Campus Entry/Exit AI Control

Real-time person/vehicle counting, ID tracking and reporting from multiple camera streams at Erciyes University gates and tram stops.

ERÜ BİDB — Internship Project (1 Month) In Production — Used by the Rectorate

Project Information

  • Institution: Erciyes University — Department of Information Technology
  • Scope: Gates & tram stops; counting of people, bicycles, motorcycles
  • Features: Real-time counting, ID tracking, multi-camera support, reporting
  • Status: Live usage (In Production)
  • Duration: 1 month (internship period)

Overview

The system takes live streams from the university's existing camera infrastructure to detect entities such as people, bicycles and motorcycles, assigns an ID to each, and reports entry-exit statistics in real time. By combining YOLO-based detection with an extensive computer vision system, an end-to-end solution focused on speed and efficiency was designed. The system is already in use by the Erciyes University Rectorate.

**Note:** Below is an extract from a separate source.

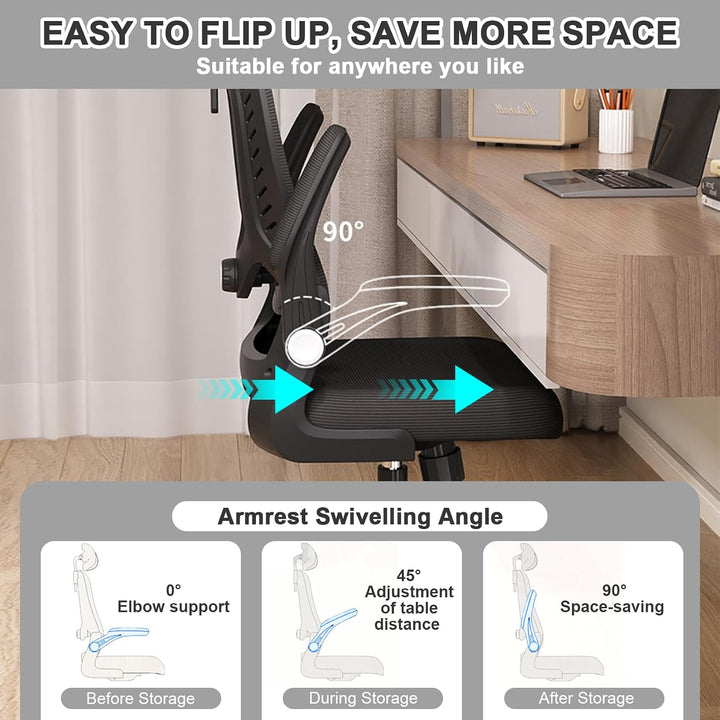 LEVIPE Bürostuhl Ergonomisch, Schreibtischstuhl mit Lendenwirbelstütze, Armlehnen, Verstellbare Kopf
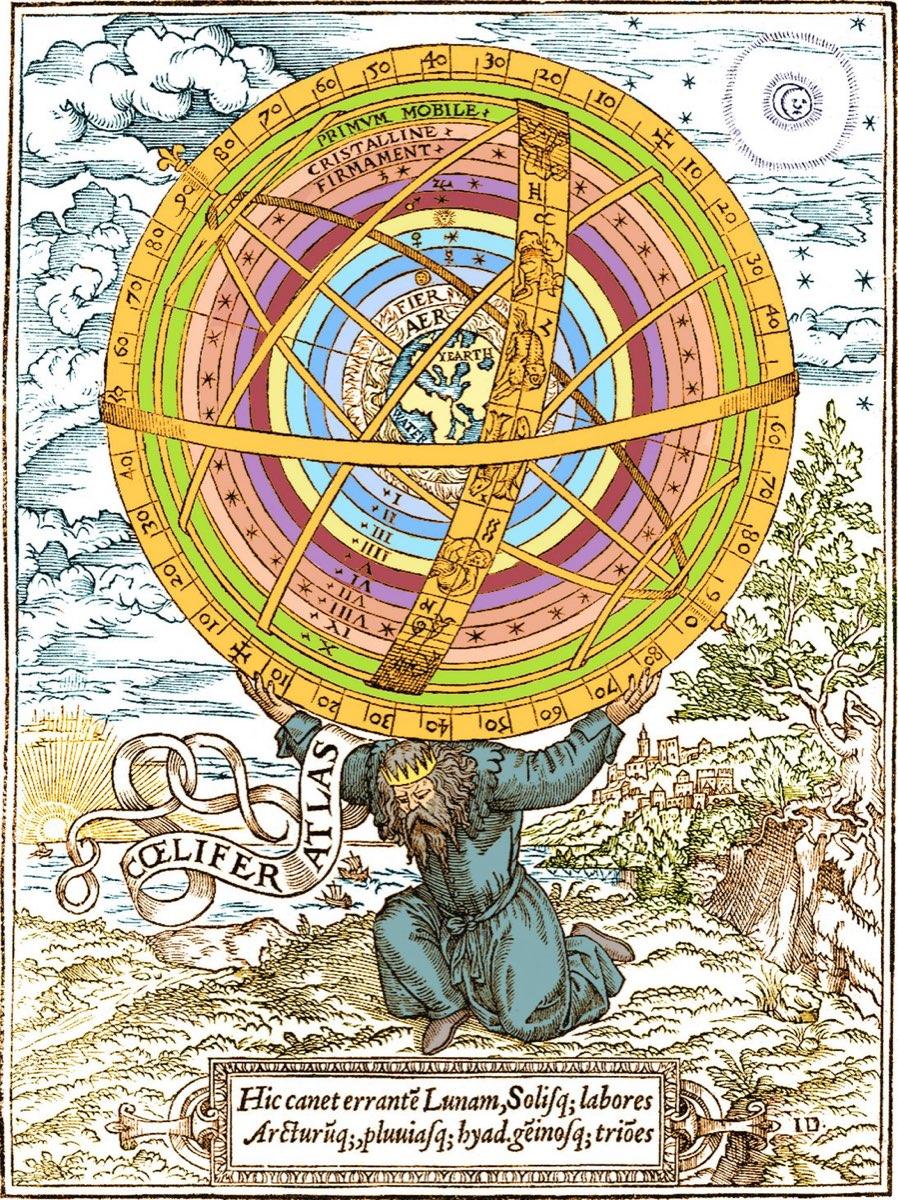 Renaissance woodcut of Coelifer Atlas bearing the celestial armillary sphere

End-to-End Setup: In addition to the feasibility, data access, model development, testing and go-live stages, the procurement and installation of high-compute GPU/Server resources were also included in the project scope.

Architecture & Components

  • Data Ingestion: Pulling video streams from the existing camera infrastructure.
  • Preprocessing: Frame normalization, noise reduction, ROI enhancement, lighting/contrast adjustments (OpenCV).
  • Detection: Person/bicycle/motorcycle detection with the YOLO family; optimizations suited to real-time operation.
  • ID Tracking: Identification of entities in a multi-camera scenario and tracking them within the stream (ID continuity).
  • Counting & Logic: Virtual line/zone-based entry counts, density analysis, timestamped logging.
  • Reporting: Real-time dashboard, historical statistics, hourly/daily/weekly summaries; data export.

Technology Stack

Python PyTorch YOLO OpenCV CUDA Django SQLite Linux

Deployment & Operations

  • Server: GPU-accelerated server setup and configuration.
  • Scaling: Real-time monitoring & counting across 10+ camera streams.
  • Privacy: Generation of statistics containing no personal data; logging only at the counting and ID level.